Records from a dataset
⁂
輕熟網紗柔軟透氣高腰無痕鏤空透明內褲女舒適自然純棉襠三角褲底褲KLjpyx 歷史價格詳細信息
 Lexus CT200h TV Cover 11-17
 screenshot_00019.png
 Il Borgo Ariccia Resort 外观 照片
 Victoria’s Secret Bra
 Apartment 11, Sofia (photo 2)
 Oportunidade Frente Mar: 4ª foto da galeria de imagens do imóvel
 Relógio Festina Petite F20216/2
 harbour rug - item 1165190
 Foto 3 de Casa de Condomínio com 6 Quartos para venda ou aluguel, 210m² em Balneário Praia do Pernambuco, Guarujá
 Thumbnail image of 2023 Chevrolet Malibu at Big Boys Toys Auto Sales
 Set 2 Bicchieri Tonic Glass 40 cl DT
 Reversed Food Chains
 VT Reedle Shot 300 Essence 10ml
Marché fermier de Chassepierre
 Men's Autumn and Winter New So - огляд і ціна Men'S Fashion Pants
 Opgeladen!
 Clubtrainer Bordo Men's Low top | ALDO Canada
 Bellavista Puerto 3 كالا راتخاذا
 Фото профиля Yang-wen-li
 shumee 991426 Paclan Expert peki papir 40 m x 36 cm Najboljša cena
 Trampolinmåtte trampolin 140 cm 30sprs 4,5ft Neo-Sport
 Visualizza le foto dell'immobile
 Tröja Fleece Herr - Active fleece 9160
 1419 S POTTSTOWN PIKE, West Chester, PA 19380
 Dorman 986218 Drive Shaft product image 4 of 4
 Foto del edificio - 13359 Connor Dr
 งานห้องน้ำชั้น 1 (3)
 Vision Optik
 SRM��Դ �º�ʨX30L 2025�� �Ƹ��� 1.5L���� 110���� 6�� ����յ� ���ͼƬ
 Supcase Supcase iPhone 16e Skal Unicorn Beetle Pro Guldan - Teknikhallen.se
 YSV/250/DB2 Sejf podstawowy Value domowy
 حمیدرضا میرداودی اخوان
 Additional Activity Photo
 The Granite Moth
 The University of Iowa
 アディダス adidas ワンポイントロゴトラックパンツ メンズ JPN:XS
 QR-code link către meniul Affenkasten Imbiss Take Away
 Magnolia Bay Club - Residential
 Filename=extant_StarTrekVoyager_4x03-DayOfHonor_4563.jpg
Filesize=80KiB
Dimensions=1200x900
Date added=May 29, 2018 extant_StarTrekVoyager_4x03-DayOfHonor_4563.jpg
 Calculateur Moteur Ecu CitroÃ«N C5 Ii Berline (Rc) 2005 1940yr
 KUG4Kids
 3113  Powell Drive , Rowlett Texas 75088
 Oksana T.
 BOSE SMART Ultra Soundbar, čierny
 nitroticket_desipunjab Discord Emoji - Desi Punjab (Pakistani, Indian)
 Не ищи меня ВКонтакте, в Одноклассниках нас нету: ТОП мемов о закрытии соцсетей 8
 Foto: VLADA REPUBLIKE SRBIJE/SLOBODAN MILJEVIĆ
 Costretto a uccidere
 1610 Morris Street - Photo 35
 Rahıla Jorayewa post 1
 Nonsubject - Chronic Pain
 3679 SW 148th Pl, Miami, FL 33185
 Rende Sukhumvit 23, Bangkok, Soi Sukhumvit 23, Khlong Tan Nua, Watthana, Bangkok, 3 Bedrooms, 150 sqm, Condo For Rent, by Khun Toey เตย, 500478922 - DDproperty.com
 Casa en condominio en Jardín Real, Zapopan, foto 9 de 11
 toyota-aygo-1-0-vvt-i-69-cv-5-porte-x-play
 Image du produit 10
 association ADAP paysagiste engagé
⁂
→ **What is being asked**: Keeping every line exactly as it is, retype the entries shown above.

→ **Answer section**:
輕熟網紗柔軟透氣高腰無痕鏤空透明內褲女舒適自然純棉襠三角褲底褲KLjpyx 歷史價格詳細信息
 Lexus CT200h TV Cover 11-17
 screenshot_00019.png
 Il Borgo Ariccia Resort 外观 照片
 Victoria’s Secret Bra
 Apartment 11, Sofia (photo 2)
 Oportunidade Frente Mar: 4ª foto da galeria de imagens do imóvel
 Relógio Festina Petite F20216/2
 harbour rug - item 1165190
 Foto 3 de Casa de Condomínio com 6 Quartos para venda ou aluguel, 210m² em Balneário Praia do Pernambuco, Guarujá
 Thumbnail image of 2023 Chevrolet Malibu at Big Boys Toys Auto Sales
 Set 2 Bicchieri Tonic Glass 40 cl DT
 Reversed Food Chains
 VT Reedle Shot 300 Essence 10ml
Marché fermier de Chassepierre
 Men's Autumn and Winter New So - огляд і ціна Men'S Fashion Pants
 Opgeladen!
 Clubtrainer Bordo Men's Low top | ALDO Canada
 Bellavista Puerto 3 كالا راتخاذا
 Фото профиля Yang-wen-li
 shumee 991426 Paclan Expert peki papir 40 m x 36 cm Najboljša cena
 Trampolinmåtte trampolin 140 cm 30sprs 4,5ft Neo-Sport
 Visualizza le foto dell'immobile
 Tröja Fleece Herr - Active fleece 9160
 1419 S POTTSTOWN PIKE, West Chester, PA 19380
 Dorman 986218 Drive Shaft product image 4 of 4
 Foto del edificio - 13359 Connor Dr
 งานห้องน้ำชั้น 1 (3)
 Vision Optik
 SRM��Դ �º�ʨX30L 2025�� �Ƹ��� 1.5L���� 110���� 6�� ����յ� ���ͼƬ
 Supcase Supcase iPhone 16e Skal Unicorn Beetle Pro Guldan - Teknikhallen.se
 YSV/250/DB2 Sejf podstawowy Value domowy
 حمیدرضا میرداودی اخوان
 Additional Activity Photo
 The Granite Moth
 The University of Iowa
 アディダス adidas ワンポイントロゴトラックパンツ メンズ JPN:XS
 QR-code link către meniul Affenkasten Imbiss Take Away
 Magnolia Bay Club - Residential
 Filename=extant_StarTrekVoyager_4x03-DayOfHonor_4563.jpg
Filesize=80KiB
Dimensions=1200x900
Date added=May 29, 2018 extant_StarTrekVoyager_4x03-DayOfHonor_4563.jpg
 Calculateur Moteur Ecu CitroÃ«N C5 Ii Berline (Rc) 2005 1940yr
 KUG4Kids
 3113  Powell Drive , Rowlett Texas 75088
 Oksana T.
 BOSE SMART Ultra Soundbar, čierny
 nitroticket_desipunjab Discord Emoji - Desi Punjab (Pakistani, Indian)
 Не ищи меня ВКонтакте, в Одноклассниках нас нету: ТОП мемов о закрытии соцсетей 8
 Foto: VLADA REPUBLIKE SRBIJE/SLOBODAN MILJEVIĆ
 Costretto a uccidere
 1610 Morris Street - Photo 35
 Rahıla Jorayewa post 1
 Nonsubject - Chronic Pain
 3679 SW 148th Pl, Miami, FL 33185
 Rende Sukhumvit 23, Bangkok, Soi Sukhumvit 23, Khlong Tan Nua, Watthana, Bangkok, 3 Bedrooms, 150 sqm, Condo For Rent, by Khun Toey เตย, 500478922 - DDproperty.com
 Casa en condominio en Jardín Real, Zapopan, foto 9 de 11
 toyota-aygo-1-0-vvt-i-69-cv-5-porte-x-play
 Image du produit 10
 association ADAP paysagiste engagé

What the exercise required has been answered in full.